== WHAT TO PRODUCE ==
An exact copy of every entry is needed, with the images left out.

== EXCERPTED RECORDS ==
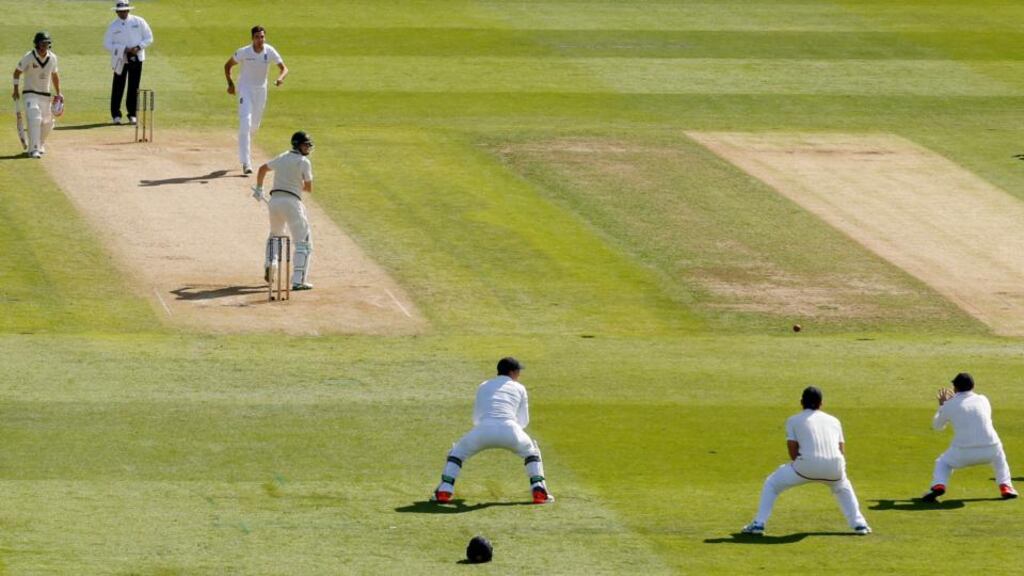 England’s Steven Finn gets an edge through to Ian Bell to dismiss Australia batsman Adam Voges during the third Test at Edgbaston in Birmingham. Photograph: Carl Recine/Action Images via Reuters/Livepic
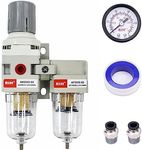 RIH Air Dryer System -1/4" NPT Double Air Filters-5 Micron Particulate Filter& Air Pressure Regulator - Gauge(0-150 psi), Semi-Auto Drain, Poly Bowl,Bracket - 3 in 1 Two Unit (1/4" NPT)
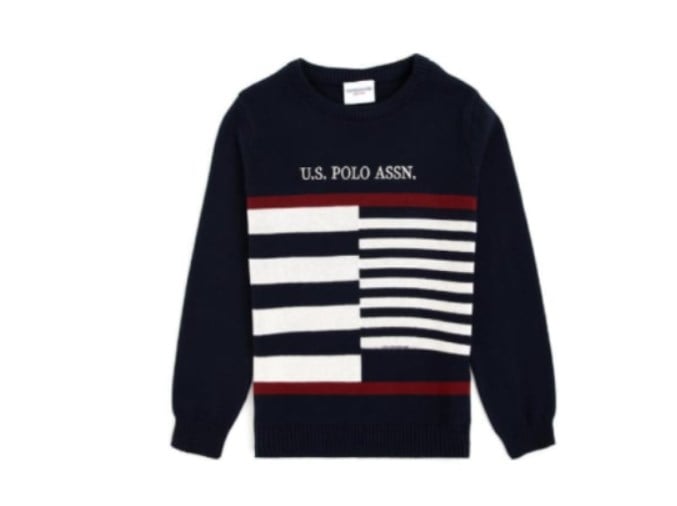 U.s Polo Assn. Erkek Çocuk Uzun Kol Bisiklet Yaka  Çizgi Blok Desen Detaylı Sweatshırt  3-14 Yaş LACİVERT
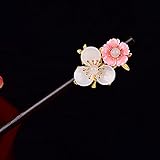 Haarnadel,Holzstäbchen Haarnadel Retro China Klassische Essstäbchen Gabeln Weiß Glasierte Kirschblüten Blumen Perlen Charme Schmuck Langes Haar Accessoires Für Frauen Brautparty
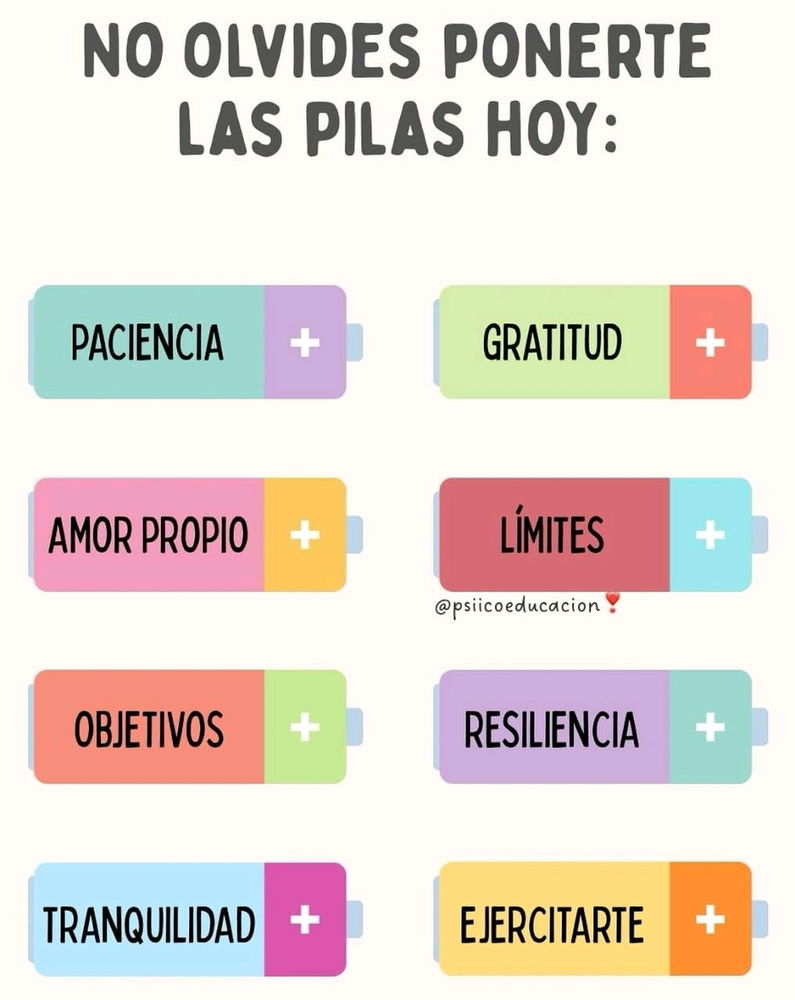 No olvides ponerte las pilas hoy.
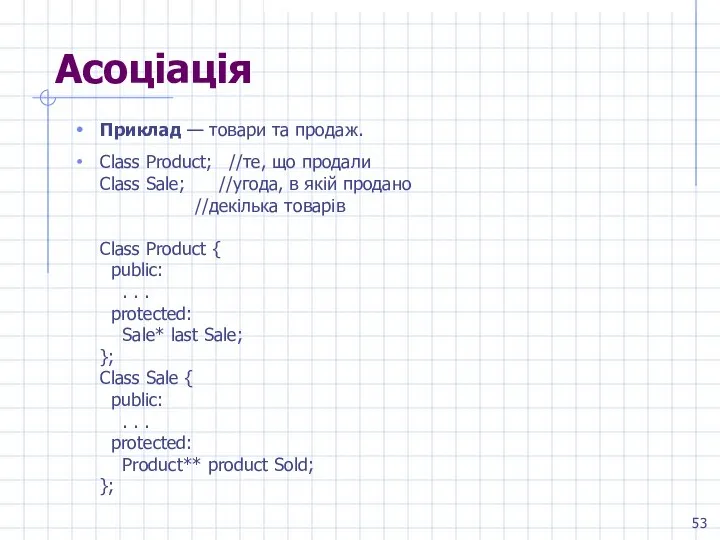 Асоціація Приклад — товари та продаж. Class Product; //те, що продали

== REPLY TO THE EXERCISE ==
 England’s Steven Finn gets an edge through to Ian Bell to dismiss Australia batsman Adam Voges during the third Test at Edgbaston in Birmingham. Photograph: Carl Recine/Action Images via Reuters/Livepic
 RIH Air Dryer System -1/4" NPT Double Air Filters-5 Micron Particulate Filter& Air Pressure Regulator - Gauge(0-150 psi), Semi-Auto Drain, Poly Bowl,Bracket - 3 in 1 Two Unit (1/4" NPT)
 U.s Polo Assn. Erkek Çocuk Uzun Kol Bisiklet Yaka  Çizgi Blok Desen Detaylı Sweatshırt  3-14 Yaş LACİVERT
 Haarnadel,Holzstäbchen Haarnadel Retro China Klassische Essstäbchen Gabeln Weiß Glasierte Kirschblüten Blumen Perlen Charme Schmuck Langes Haar Accessoires Für Frauen Brautparty
 No olvides ponerte las pilas hoy.
 Асоціація Приклад — товари та продаж. Class Product; //те, що продали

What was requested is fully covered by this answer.